German mathematician

Heinrich Martin Weber (5 March 1842, Heidelberg, Germany - 17 May 1913, Straßburg, Alsace-Lorraine, German Empire, now Strasbourg, France) was a German mathematician. Weber's main work was in algebra, number theory, and analysis. He is best known for his text Lehrbuch der Algebra published in 1895 and much of it is his original research in algebra and number theory. His work Theorie der algebraischen Functionen einer Veränderlichen (with Dedekind) established an algebraic foundation for Riemann surfaces, allowing a purely algebraic formulation of the Riemann–Roch theorem. Weber's research papers were numerous, most of them appearing in Crelle's Journal or Mathematische Annalen. He was the editor of Riemann's collected works.

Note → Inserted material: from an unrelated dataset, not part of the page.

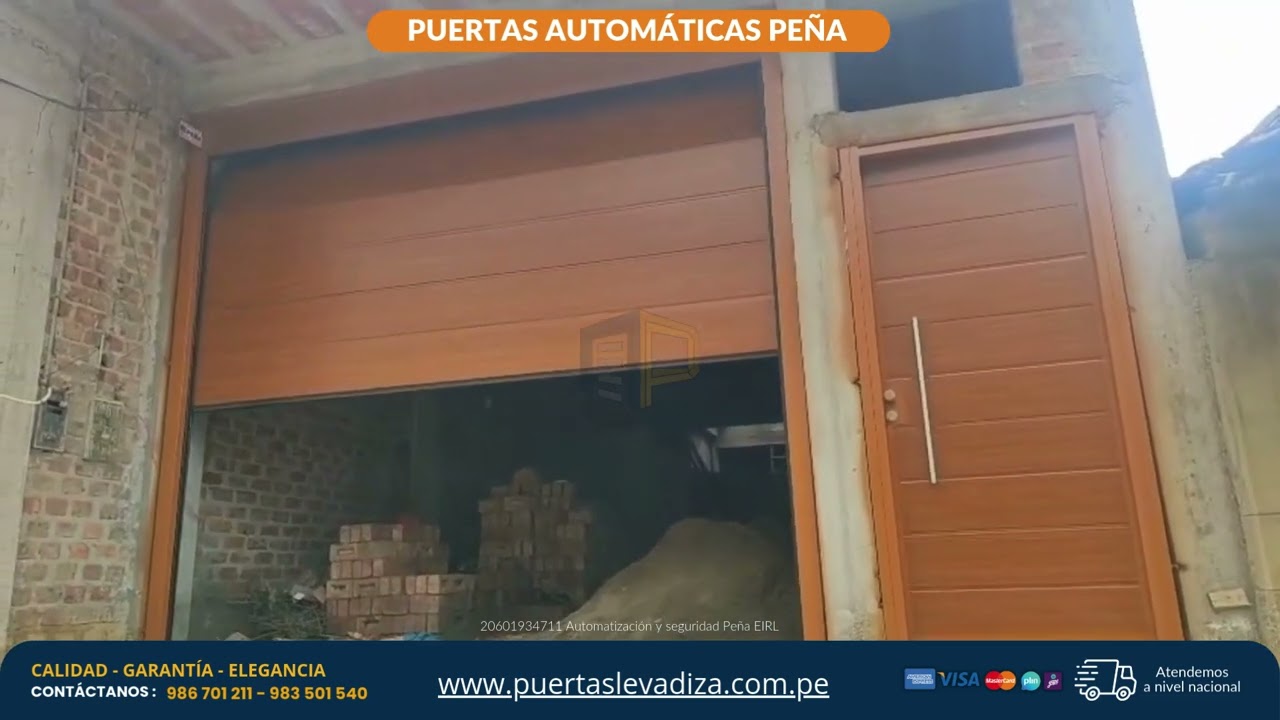 ✅ PROYECTO TERMINADO - PUERTA SECCIONAL - MOTOR ULTRALIFT - PUERTAS AUTOMATICAS PEÑA ✅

Weber was born in Heidelberg, Baden, and entered the University of Heidelberg in 1860. In 1866 he became a privatdozent, and in 1869 he was appointed as extraordinary professor at that school. Weber also taught in Zürich at the Federal Polytechnic Institute (today the ETH Zurich), at the University of Königsberg, and at the Technische Hochschule in Charlottenburg (today Technische Universität Berlin). His final post was at the Kaiser-Wilhelm-Universität Straßburg, Alsace-Lorraine, where he died.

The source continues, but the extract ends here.